Gratz hat Quotienten für Übergriffe im Gefängnis errechnet und kommt pro Jahr und 100 Gefangenen auf einen Schnitt von 0,68 Übergriffe. Drei Anstalten mit dem höchsten Belag (darunter z. B. Wien-Josefstadt mit 1200) kommen auf 1,2 bis 1,8, die viertgrößte Anstalt (450 Insassen) hingegen auf nur 0,5. Noch kleinere Einheiten tendieren gegen Null Übergriffe.

Der Vorschlag des Strafvollzugsexperten: Große Anstalten in ihren Abläufen und inneren Strukturen in kleine Einheiten aufzugliedern, das erlaubt auch mehr Öffnung für die Häftlinge nach innen. Das Justizministerium verfügt bereits seit längerem über eine Gefängnis-Standortstudie, hält sie aber unter Verschluss. Der Kriminologe rät auch dazu, sich nicht nur bei Ausrüstung und Waffen an der Polizei zu orientieren, sondern auch von ihren Erfahrungen zu lernen. Aus dem Projekt "Polizei.Macht.Menschen.Rechte", an dem auch NGOs-Vertreter mitarbeiteten, entstanden Orientierungsgrundsätze für Menschenrechte, die von der Polizei auch im Alltag gelebt werden.
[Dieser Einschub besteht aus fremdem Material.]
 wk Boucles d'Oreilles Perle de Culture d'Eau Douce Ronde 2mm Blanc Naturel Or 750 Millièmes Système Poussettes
Insgesamt macht Gratz folgende Phänomene für die zunehmende Gewalt hinter Gittern verantwortlich: Die Haftbedingungen, die psychischen und sozialen Druck erzeugen; die großen Unterschiede bei Genehmigung von Vollzugslockerungen und Austeilen von Ordnungsstrafen, ohne mit Steuerungsmaßnahmen einzugreifen; die von Anlässen getriebene Betonung der exekutiven Seite der Justizwache mit gleichzeitiger Rücknahme der sozialkommunikativen Seite (Verwahrvollzug statt Betreuung). Gratz verweist auf die Schweiz: Bei einer Befragung der Mitarbeiter im Justizvollzug gaben 77 Prozent an, ihre Weisungen würden von den Gefangenen befolgt, weil sie diesen mit Respekt und Anerkennung begegnen würden.